● ABOUT THIS EXERCISE
Transcribe the full listing without changing a word, and omit its pictures.

● RECORDED INFORMATION
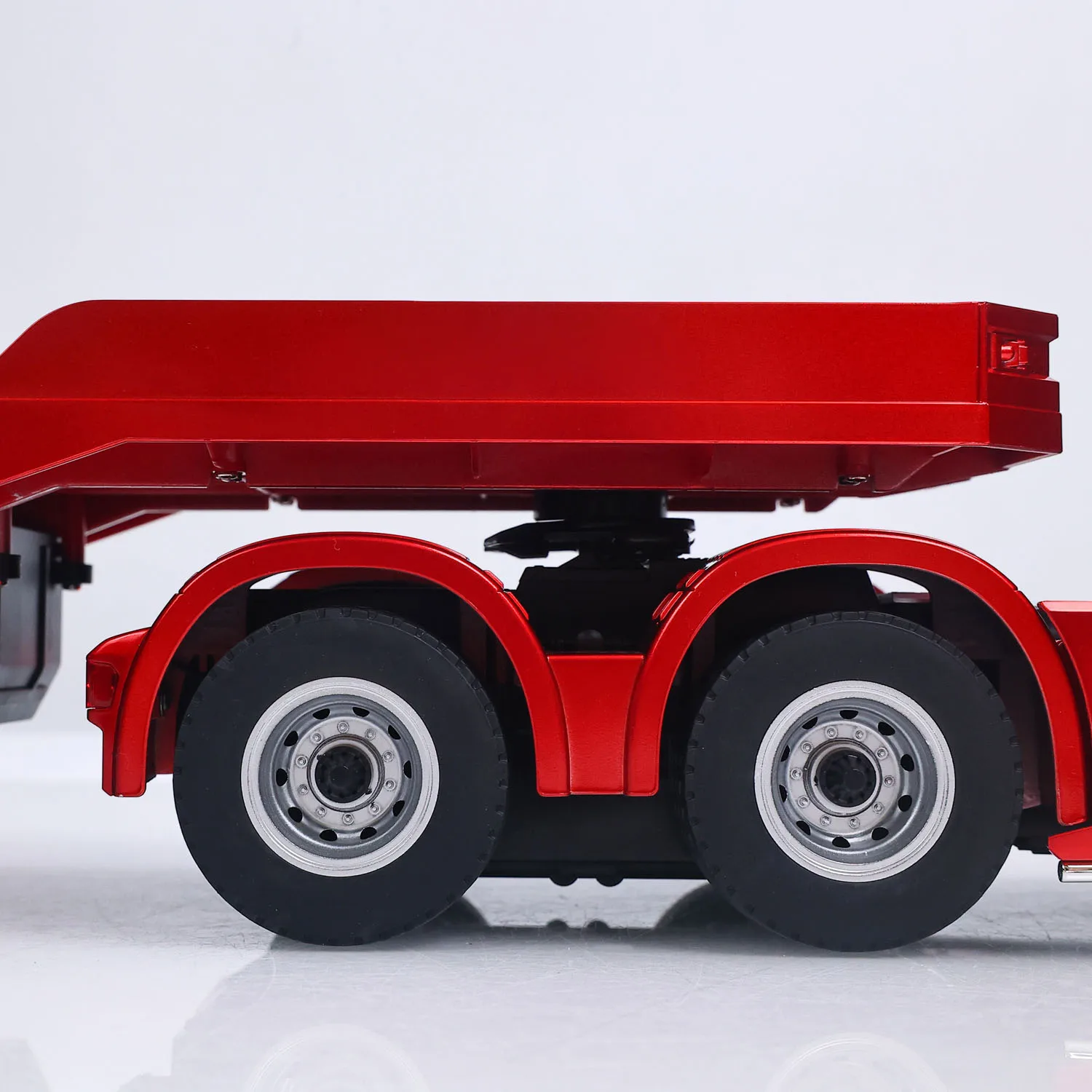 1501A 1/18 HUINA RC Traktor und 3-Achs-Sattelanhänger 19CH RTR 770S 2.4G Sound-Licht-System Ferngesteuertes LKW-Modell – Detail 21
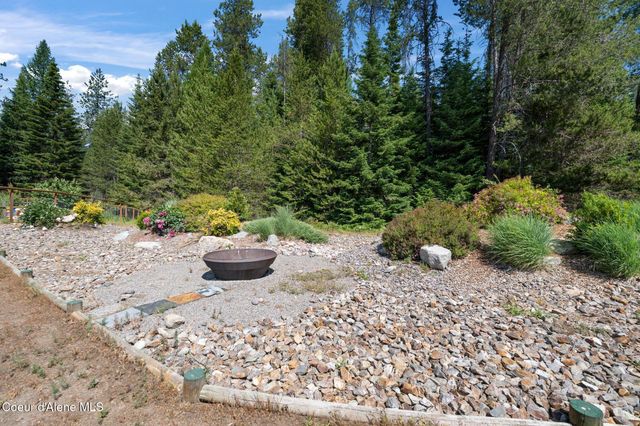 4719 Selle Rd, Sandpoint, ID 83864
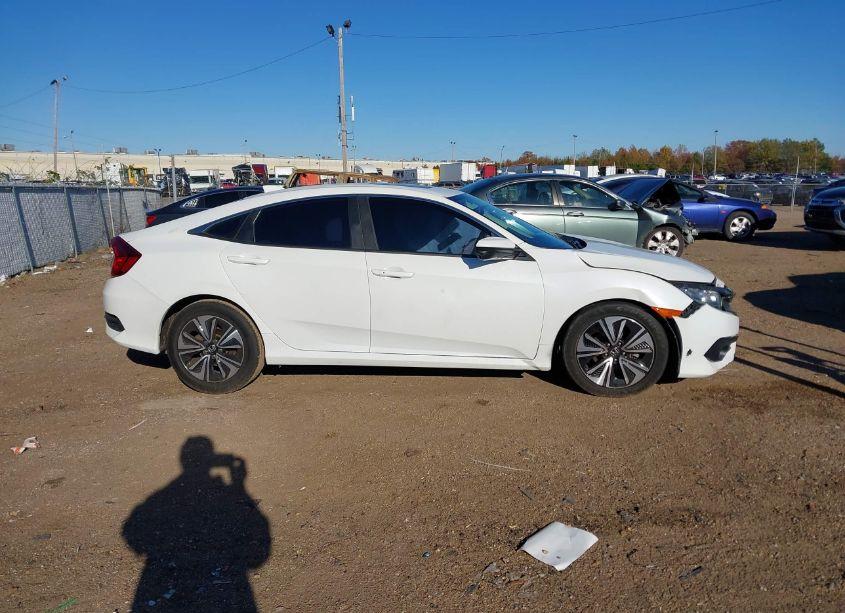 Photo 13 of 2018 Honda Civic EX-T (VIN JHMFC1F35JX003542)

● YOUR RESPONSE
 1501A 1/18 HUINA RC Traktor und 3-Achs-Sattelanhänger 19CH RTR 770S 2.4G Sound-Licht-System Ferngesteuertes LKW-Modell – Detail 21
 4719 Selle Rd, Sandpoint, ID 83864
 Photo 13 of 2018 Honda Civic EX-T (VIN JHMFC1F35JX003542)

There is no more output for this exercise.